**Work order:** What you copy should be the lines from the one with "2x The Argentine" through the end of the entries, word for word. Omit the pictures.

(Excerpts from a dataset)
________________________________________

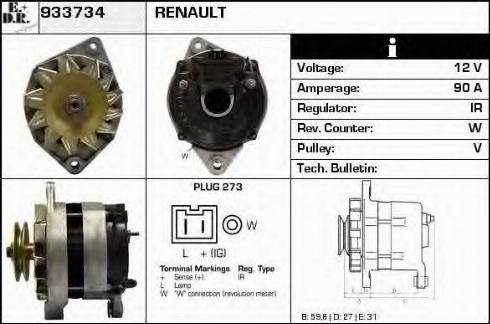 EDR 933734 - Alternateur cwaw.fr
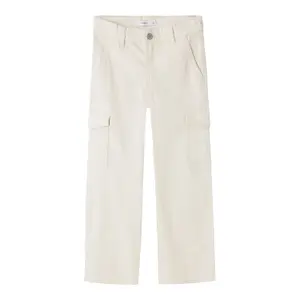Girl's cargo Trousers Name it Rose Wide Twill image-0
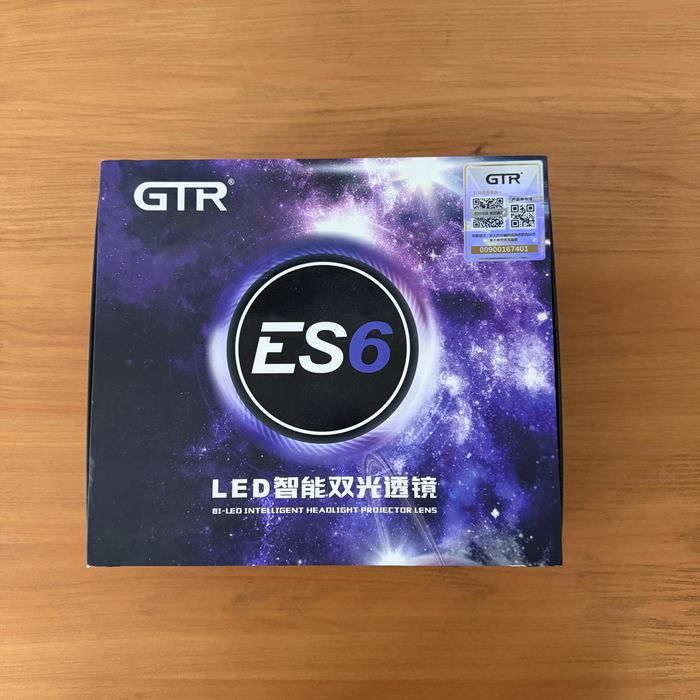 Bi-LED линзы GTR ES6 — Мощный светодиодный свет для вашего авто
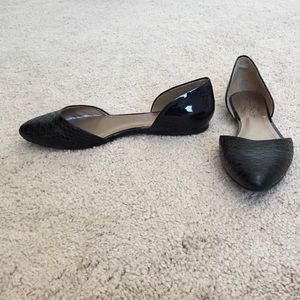 Jessica Simpson black d'orsay flats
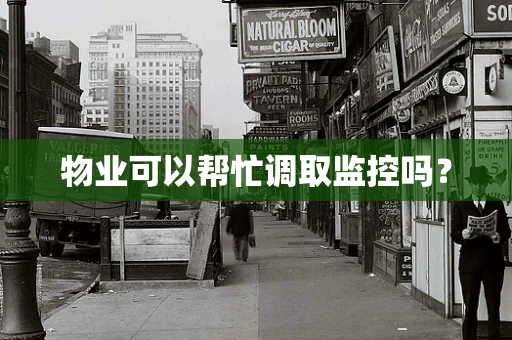 物业可以帮忙调取监控吗？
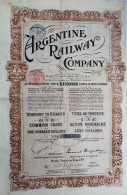 2x The Argentine Railway Company - Warrant To Bearer For 1 Common Share - Miniere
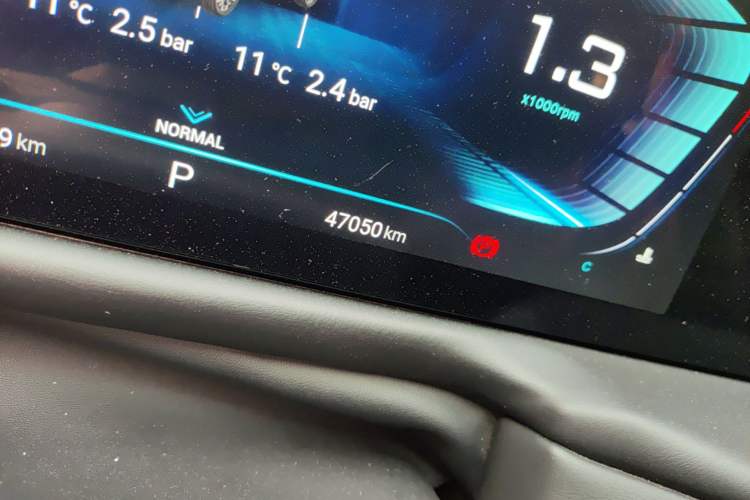 Used EXEED TX 2021 Super All-Wheel Drive Version 1.6T Four-Wheel Drive Super Power No. 2 Odometer Close Up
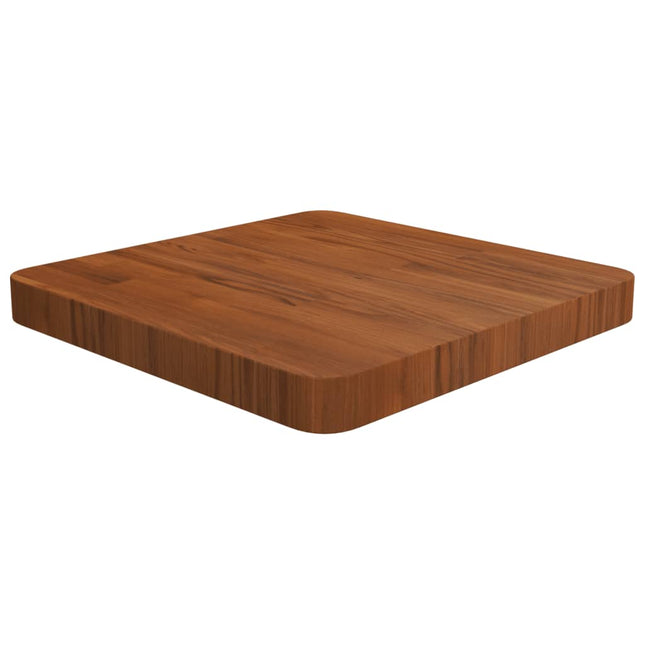 Piano Tavolo Quadrato Marrone Scuro 40x40x4cm Rovere Trattato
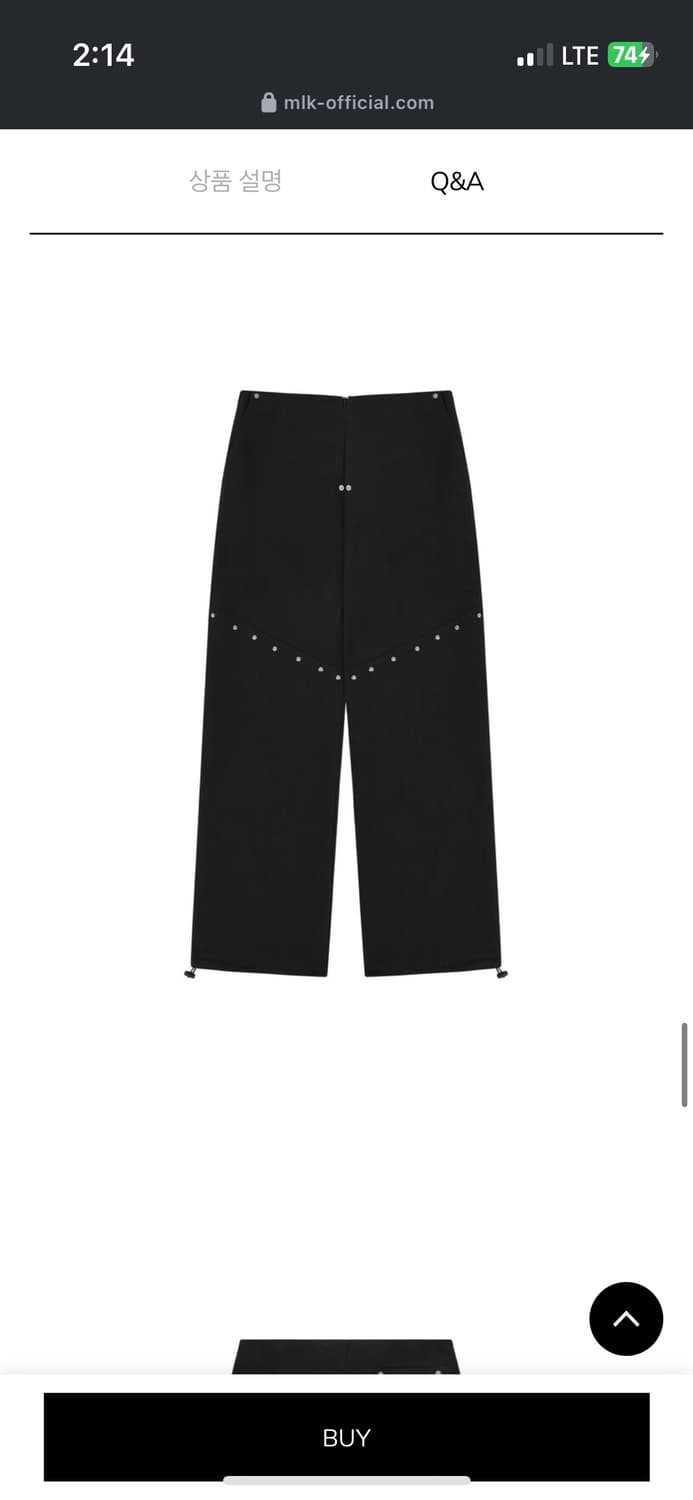 MLK - STUD PANTS BLACK 상품이미지2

________________________________________

**Task response:**
 2x The Argentine Railway Company - Warrant To Bearer For 1 Common Share - Miniere
 Used EXEED TX 2021 Super All-Wheel Drive Version 1.6T Four-Wheel Drive Super Power No. 2 Odometer Close Up
 Piano Tavolo Quadrato Marrone Scuro 40x40x4cm Rovere Trattato
 MLK - STUD PANTS BLACK 상품이미지2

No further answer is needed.